Facebook users will find this latest feature under the "Your Facebook Information" menu in Settings, where you'll then click "Transfer Your Information." A series of prompts will walk you through the process to transfer your data to one of the available destinations.
To protect the data, Facebook says it will ask users to re-enter their password before the transfer begins, which it also does with other exports. The process will encrypt the data as it moves between Facebook and the other service, the company notes.
The move to support the export of text-based content is interesting, as it's been reported Facebook is developing a competitor to newsletter platform Substack. The social network aims to capitalize on the growing momentum in the newsletter industry, which has recently seen a number of top writers leave larger publications in order to connect with their audience directly, via paid newsletters.
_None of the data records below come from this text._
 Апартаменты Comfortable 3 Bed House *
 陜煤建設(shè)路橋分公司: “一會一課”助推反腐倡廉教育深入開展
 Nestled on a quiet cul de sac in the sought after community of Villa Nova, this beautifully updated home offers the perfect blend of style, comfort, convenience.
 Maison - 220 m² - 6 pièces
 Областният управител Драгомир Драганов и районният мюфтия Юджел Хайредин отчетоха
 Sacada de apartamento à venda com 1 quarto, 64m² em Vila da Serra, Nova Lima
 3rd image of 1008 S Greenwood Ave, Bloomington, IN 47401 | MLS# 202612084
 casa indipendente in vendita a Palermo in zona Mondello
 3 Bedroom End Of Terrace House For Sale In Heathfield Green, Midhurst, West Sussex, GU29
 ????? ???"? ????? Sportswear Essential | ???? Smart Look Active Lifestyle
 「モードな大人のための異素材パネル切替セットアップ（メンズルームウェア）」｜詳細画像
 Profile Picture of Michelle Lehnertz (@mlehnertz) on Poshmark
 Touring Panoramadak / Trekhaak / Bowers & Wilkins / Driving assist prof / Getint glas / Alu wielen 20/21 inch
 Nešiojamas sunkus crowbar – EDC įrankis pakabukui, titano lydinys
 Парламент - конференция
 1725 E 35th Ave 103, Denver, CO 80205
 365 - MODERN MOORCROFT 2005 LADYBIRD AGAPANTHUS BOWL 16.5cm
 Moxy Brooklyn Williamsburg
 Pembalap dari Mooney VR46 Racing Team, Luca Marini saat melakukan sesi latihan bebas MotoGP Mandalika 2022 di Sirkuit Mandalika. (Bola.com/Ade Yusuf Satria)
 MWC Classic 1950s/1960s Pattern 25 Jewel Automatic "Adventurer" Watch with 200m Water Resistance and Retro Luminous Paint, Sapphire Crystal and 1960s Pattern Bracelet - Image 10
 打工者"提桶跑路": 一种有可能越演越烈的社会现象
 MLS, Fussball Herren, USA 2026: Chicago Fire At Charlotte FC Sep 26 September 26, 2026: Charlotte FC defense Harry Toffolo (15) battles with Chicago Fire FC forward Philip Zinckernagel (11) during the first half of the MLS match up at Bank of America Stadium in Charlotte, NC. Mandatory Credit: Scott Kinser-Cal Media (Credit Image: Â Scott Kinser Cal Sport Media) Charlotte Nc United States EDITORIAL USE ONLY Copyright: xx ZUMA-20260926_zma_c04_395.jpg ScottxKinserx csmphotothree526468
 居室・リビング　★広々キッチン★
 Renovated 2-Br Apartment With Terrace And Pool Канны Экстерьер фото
Twitter also acquired a newsletter business, Revue, to pursue the same goals. While Facebook didn't say if its upcoming product would be included in the export procedure announced today, it makes for a good hedge against any sort of anti-competitive claims if and when Facebook rolls out the new service.
Today's addition is part of Facebook's larger Data Transfer Project, a collaboration between tech giants designed to give users more ways to move their content between services. Last year, for example, Facebook added a feature that gave users a way to export their Facebook photos and videos to Google Photos, as a result of the team-up. Users can now also export photos and videos to Backblaze, Dropbox and Koofr, as well.
Alongside news of its announcement, Facebook argued for regulation in the area of data portability. It said there should be laws that determine which data should be made portable, and who is responsible for protecting the data once it has been transferred. The company also pointed to comments it filed with the FTC last year as well as a white paper that explored the privacy questions that surround the development of data portability tools.